The left-of-centre Mazda MX-30 Electric was always intended to be a niche offering, according to the company, more about getting the technology into the hands of local customers than racking up volume.
A Mazda Australia spokesperson said that ordering for the MX-30 Electric is still continuing but it won’t be doing more batch orders. Instead, it will be ordering to meet customer demand.
“When we brought [the MX-30 Electric] in, we always said it was going to be niche. We said we’d bring in 100. We’ve done that and we’ve learnt a lot,” Mazda Australia marketing director Alastair Doak told CarExpert.
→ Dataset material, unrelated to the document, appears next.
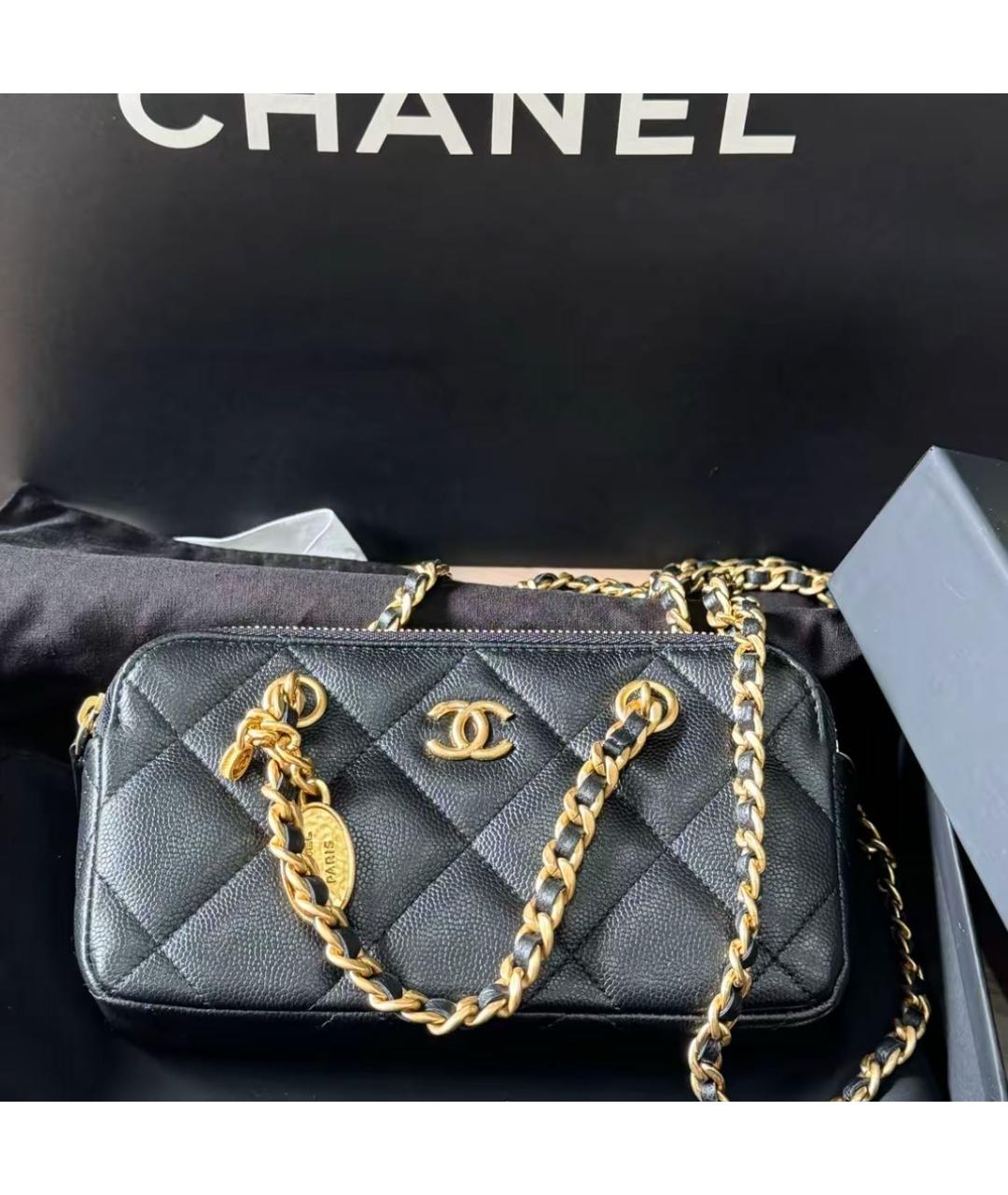 CHANEL Черная кожаная сумка через плечо, фото 7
“We’ve trained all our dealers on all of the technical aspects of electrification. They’ve also committed to installing some infrastructure at their dealerships to be able to do that.”
“The good thing about that was, one in anticipation of EV, but beyond that of plug-in hybrid (PHEV),” added Mr Doak.
“All of that work is relevant to PHEV and obviously we’re getting our first PHEV next year in CX-60, which won’t be a niche product.”
Mr Doak said he understands criticism of the modest 224km claimed combined driving range.
“As an execution of taking the Mazda idea of how a car should drive and turning it it and applying it to a totally different powertrain, I think the guys [and girls] have done a really good job,” said Mr Doak.
The Mazda MX-30 Electric was first revealed in 2018 and launched in Australia in mid-2021, joining the petrol-powered M Hybrid model.
It’s priced from $65,490 before on-road costs and is currently only available locally in range-topping Astina guise.
The MX-30 Electric is powered by a single, front-mounted electric motor producing 107kW of power and 271Nm of torque, mated with a 35.5kWh lithium-ion battery pack.
A rotary range-extender version of the MX-30 is still in the works for a potential reveal in 2023, but it’s unclear if it’ll come here.